I was wrong last month when I wrote that, when finally making a strategic policy choice on troop withdrawals, President Trump would not prefer a legacy in the Middle East as the President who vacated leadership in that region to Russia, Iran, and ISIS. Only days after I wrote he made what I consider to be the worst decision of his presidency when he gave the order to abandon Kurdish allies by withdrawing all remaining troops in Syria, supposedly in fulfillment of a campaign promise to withdraw from “endless wars” in the Middle East. This “come home America” call sent all the wrong messages to friend and foe alike in terms of what can be expected from U. S. foreign policy and related commitments and the criticism came fast and heavy, including a Congressional resolution condemning the decision that was adopted by a vote of 354-60! Of course, as usual, days later came the tempering of the decision by adjusting the troop withdrawal to accommodate an escape route for Kurdish troops.
But the damage had been done, and what we’re learning about Trump is that, contrary to our previous assessments, he is deeply ideological about foreign and military policy. And this is reflected in his commitment to the Rand Paul/Tucker Carlson/”come home America”/isolationist wing of the Republican Party and its demands for withdrawal from conflict overseas and any semblance of “policing”. The volatility of this decision process and its impetuous delivery, of course, are vintage Trump, but this leadership style has particularly negative consequences in the world’s diplomatic circles and leaves the impression that all is not well in the West Wing. Further, as the Wall Street Journal has noted in an editorial, it is not unreasonable to conclude that Mr. Trump’s foreign policy can be distilled into two tactics–sanctions and tariffs–as substitutes for diplomacy.
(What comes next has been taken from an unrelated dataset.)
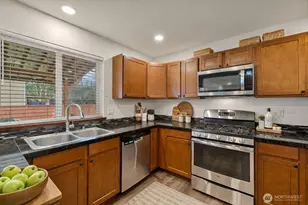 5843 122nd Pl NE, Marysville, WA 98271 - Photo 31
This does not bode well, realistically or politically, and the President needs to take stock of this vulnerability going into the 2020 election season.
But leave it to Trump to have a comeback, and that he did by ordering a successful raid resulting in the killing of the leader of ISIS and the world’s most notorious terrorist, Abu Bakr al-Baghdadi, a major victory in the war on terror. This doesn’t end the war with ISIS, but it did serve notice that, despite the obvious volatility in the West Wing, the White House is occupied by a leader who will make tough decisions and will not hesitate to extend American military power. A very timely event and major victory for Trump and the country, but, of course, don’t expect his political opponents to acknowledge it in any form or fashion. In fact, on a day conspicuous in its impact on our war with radical Islam, the American left and their fellow travelers still found it impossible to see anything positive in the successful raid. In their total derangement they can find nothing, however positive for the country, that will warrant commendation of this President. The rule seems to be if it benefits Trump it’s bad, if it hurts him, it’s good. I’ve avoided this conclusion for three years until now, but I am now drawn to the obvious—the left and their media colleagues hate Trump more than they love the country.
The Baghdadi raid should have reminded us that the U. S. remains as the indispensable country–no other country has the reach or capabilities to lead such an attack. So to think that America has an option to vacate the Middle East is a pipe dream; we cannot avoid the fact that this region as well as certain others around the world still matter a great deal to U. S. interests and will for the forseeable future. The problem is with the volatility of policy, which is confusing to friends and foes alike and, unfortunately, might just be business as usual with this President.